As explained above, ya made out of aluminum or carbon are convenient and practical, but many kyudoka appreciate the aesthetics of bamboo take-ya.  Bamboo take-ya do compare favorably with western archery arrows made from natural materials. For instance, my sensei, Aaron Blackwell, allowed me to examine and measure his Shinsa ya. They are 110  cm long and weigh 35 g.  Suppose we make a ya out of Port Orford cedar, a premium material for western archery arrows.  To achieve the same stiffness as the Shinsa ya, it must have a larger diameter and would weigh 50 g.

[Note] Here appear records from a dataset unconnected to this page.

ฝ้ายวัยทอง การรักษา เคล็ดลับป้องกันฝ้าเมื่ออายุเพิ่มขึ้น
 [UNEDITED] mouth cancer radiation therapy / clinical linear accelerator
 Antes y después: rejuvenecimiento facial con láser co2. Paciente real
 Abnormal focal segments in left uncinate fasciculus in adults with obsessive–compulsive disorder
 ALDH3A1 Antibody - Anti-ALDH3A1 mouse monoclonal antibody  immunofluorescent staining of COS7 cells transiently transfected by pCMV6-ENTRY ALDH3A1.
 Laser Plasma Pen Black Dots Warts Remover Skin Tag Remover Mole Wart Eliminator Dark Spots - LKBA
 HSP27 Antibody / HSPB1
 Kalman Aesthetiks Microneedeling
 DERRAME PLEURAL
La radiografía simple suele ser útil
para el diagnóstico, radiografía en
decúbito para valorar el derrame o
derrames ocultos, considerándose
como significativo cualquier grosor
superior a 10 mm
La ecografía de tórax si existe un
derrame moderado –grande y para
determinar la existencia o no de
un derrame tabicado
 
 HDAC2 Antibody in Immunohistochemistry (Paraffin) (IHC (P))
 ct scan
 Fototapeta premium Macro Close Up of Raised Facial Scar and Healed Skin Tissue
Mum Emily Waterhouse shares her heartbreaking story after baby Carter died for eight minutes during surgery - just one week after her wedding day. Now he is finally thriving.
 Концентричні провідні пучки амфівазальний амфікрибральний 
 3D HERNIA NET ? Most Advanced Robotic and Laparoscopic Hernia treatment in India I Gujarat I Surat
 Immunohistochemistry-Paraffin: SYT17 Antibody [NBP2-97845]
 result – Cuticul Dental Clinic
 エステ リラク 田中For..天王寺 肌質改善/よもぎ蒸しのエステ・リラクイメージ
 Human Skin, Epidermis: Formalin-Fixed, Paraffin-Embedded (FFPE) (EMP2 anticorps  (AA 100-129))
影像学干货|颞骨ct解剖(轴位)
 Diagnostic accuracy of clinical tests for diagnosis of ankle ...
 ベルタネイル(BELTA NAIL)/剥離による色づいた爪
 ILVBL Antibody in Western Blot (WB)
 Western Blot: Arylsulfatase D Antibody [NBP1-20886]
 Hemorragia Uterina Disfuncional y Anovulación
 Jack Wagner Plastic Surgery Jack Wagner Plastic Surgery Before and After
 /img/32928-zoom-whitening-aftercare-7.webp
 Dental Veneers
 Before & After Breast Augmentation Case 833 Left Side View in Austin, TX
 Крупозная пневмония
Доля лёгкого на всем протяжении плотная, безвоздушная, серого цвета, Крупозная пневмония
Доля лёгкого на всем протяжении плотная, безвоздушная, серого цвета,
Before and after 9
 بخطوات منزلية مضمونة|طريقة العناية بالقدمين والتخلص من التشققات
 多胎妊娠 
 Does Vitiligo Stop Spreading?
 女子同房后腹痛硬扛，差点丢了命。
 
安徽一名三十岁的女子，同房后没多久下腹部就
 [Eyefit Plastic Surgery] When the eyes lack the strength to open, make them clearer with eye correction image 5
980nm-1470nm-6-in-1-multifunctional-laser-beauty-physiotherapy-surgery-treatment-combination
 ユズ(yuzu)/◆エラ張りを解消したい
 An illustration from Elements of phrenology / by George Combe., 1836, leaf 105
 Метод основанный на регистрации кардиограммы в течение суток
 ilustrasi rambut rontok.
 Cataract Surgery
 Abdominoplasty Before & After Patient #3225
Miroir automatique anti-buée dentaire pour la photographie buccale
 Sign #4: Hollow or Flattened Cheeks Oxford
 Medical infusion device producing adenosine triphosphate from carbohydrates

This comparison points to the spectacular capabilities of bamboo.  We return to the vulnerabilities.

  • As a bamboo stalk dries out from the initially green state, strong circumferential stresses develop.  Most owners of traditional take-ya are very familiar with repairing lengthwise splits.
  • Even if the take-ya does not split, the stresses are still there, resulting in  warping with changes in temperature and humidity.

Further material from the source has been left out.